Member Since: 17 Nov 2014
Location: south
Posts: 3127

United Kingdom 2008 Defender 90 Puma 2.4 CSW Bonatti Grey
Yes, I’ve worked on a few others...

I was one of a small team of people that helped the Swedish firm Scania, develop their OG9 engined gas bus.

These engines were straight out of the box, very little run/test times had been done at the factory,
Reading busses were being used as a test mule.
We knew very little about the gas engines only that they used an older proven 5cyl 9ltr Diesel block,
The rest was experimental!



Click image to enlarge




We were in direct communication with a team in Sweden, and ADL, who could “talk to the busses”
Through the ECUs and BCUs remotely, we were on the workshop floor dealing with faults as they would arise,
reporting back to them, and they would adjust the ECUs and BCUs as required, changing fuel/ air mix, gas pressures etc,
It was mind boggling as to what you could do regarding making them run!

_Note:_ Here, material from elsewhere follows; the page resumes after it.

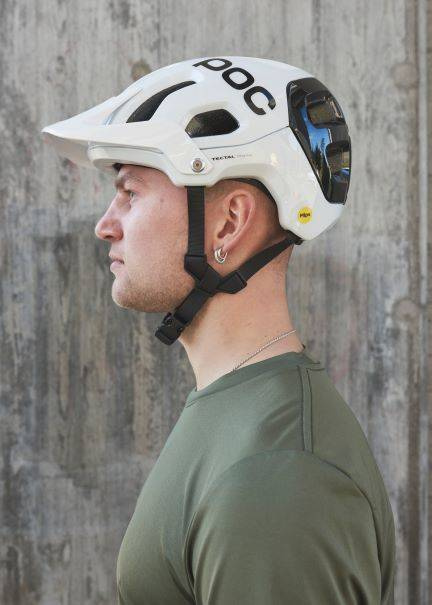 Fahrradhelm POC Tectal Race MIPS Hydrogen White/Uranium Black 2025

I worked out of a Scania depot, but was based in Reading busses for months while the engines were being tested,

One major problem being the the shear heat they would generate in city centre conditions,
It was a weekly occurrence that at least 4-5 exhaust valves would burn out, it was recorded that head temps were reaching the same temp as an acetylene flame.

This meant all 5 separate heads came off, and a top end rebuild was carried out to the tune of £10,000 per engine!
New hardened valves were made in Sweden and sent over, valve seats were super hardened to take the higher temps,
The heads alone were £1500 each to replace, I had a van full of the things at one point,
With 20 busses in the fleet, we could of easily done the last few blindfolded!

It’s a pitty I don’t have my old phone, as I had lots of photos of a full engine strip down/top end strip downs,
Which was something to behold.
It would make the Puma engine look like a small truck compressor!

In 2008/9 The first fleet of 15 methane busses we had to convert them back to Diesel, as they were so temperamental,
Running at only 4mpg the plug was pulled, and Scania had to go back to the drawing board.
That was a major campaign, the work involved was incredible!

Have a look here, I’m proud to say I had quite a bit to do with this engine Very Happy
It’s going back a few years now....

https://cbwmagazine.com/first-scania-adl-g...o-reading/

I now work on large and small plant in the Arb industry,
I agree the internal workings of a Puma engine isn’t anything special,
But A majority of the good folk on here will probably never see the internal workings of their motor?
Which is why I started this thread.... Wink

Never liked the Subaru engine, always sounds like it’s got a misfire! Whistle 80" 80" 86" 88" 90"

Wanted, Forward Control Anything considered.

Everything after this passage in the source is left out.